__Given information__
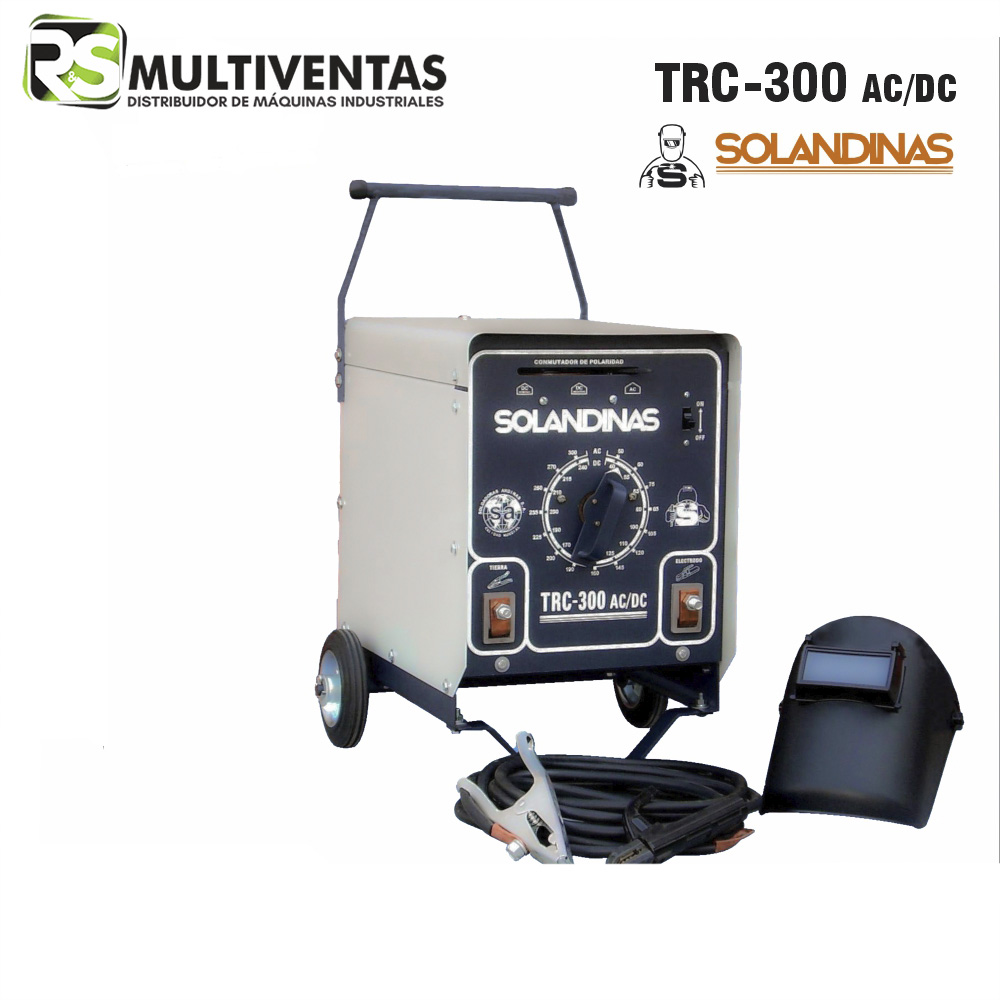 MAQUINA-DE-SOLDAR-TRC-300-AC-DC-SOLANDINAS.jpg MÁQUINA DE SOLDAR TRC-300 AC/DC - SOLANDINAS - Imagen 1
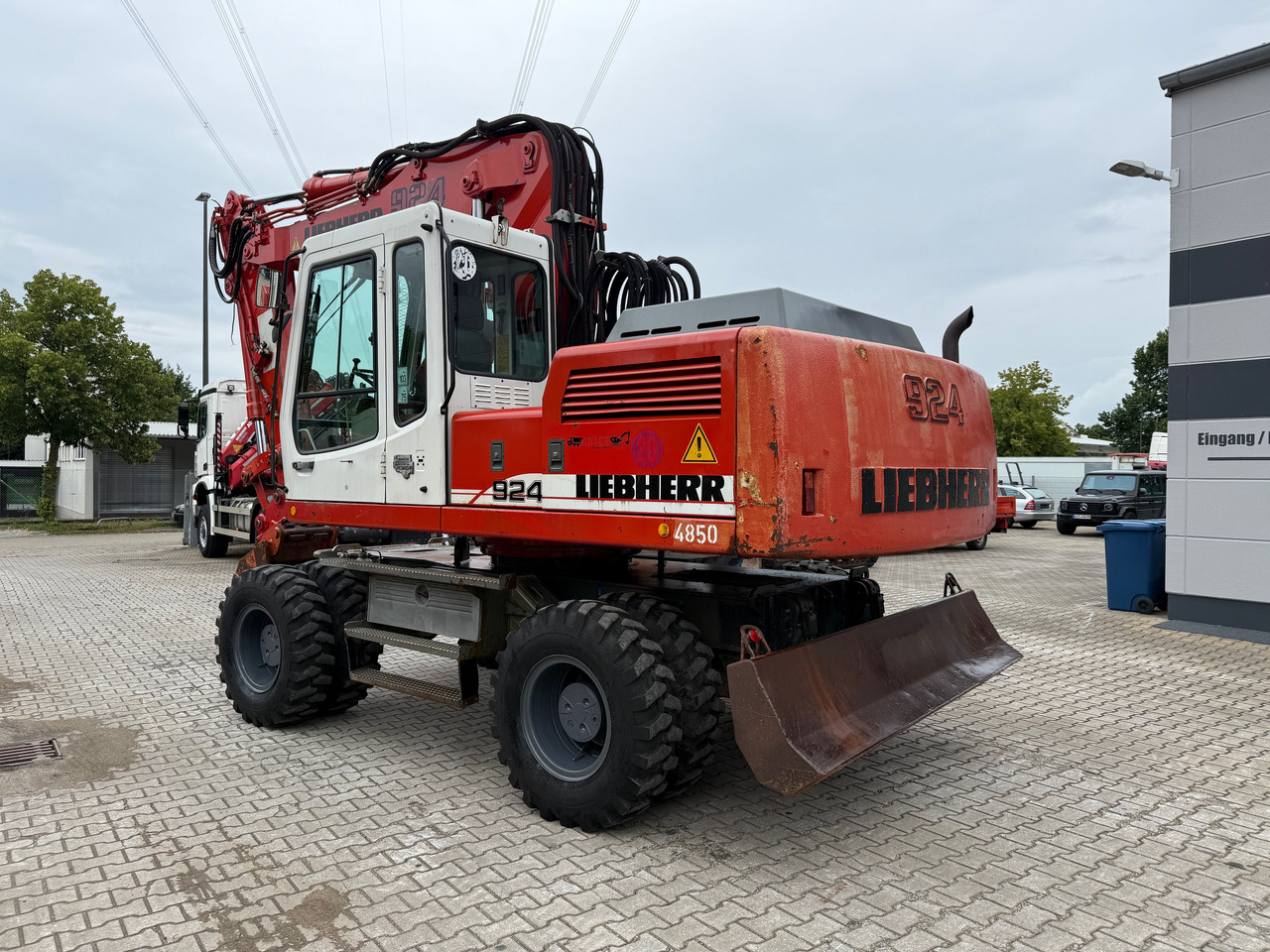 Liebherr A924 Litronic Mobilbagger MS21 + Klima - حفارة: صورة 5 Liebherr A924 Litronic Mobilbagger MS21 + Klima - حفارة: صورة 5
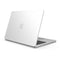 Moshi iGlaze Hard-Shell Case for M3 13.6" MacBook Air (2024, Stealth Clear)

__Exercise prompt__
Repeat the lines above precisely and skip every picture.

__Answer space__
 MAQUINA-DE-SOLDAR-TRC-300-AC-DC-SOLANDINAS.jpg MÁQUINA DE SOLDAR TRC-300 AC/DC - SOLANDINAS - Imagen 1
 Liebherr A924 Litronic Mobilbagger MS21 + Klima - حفارة: صورة 5 Liebherr A924 Litronic Mobilbagger MS21 + Klima - حفارة: صورة 5
 Moshi iGlaze Hard-Shell Case for M3 13.6" MacBook Air (2024, Stealth Clear)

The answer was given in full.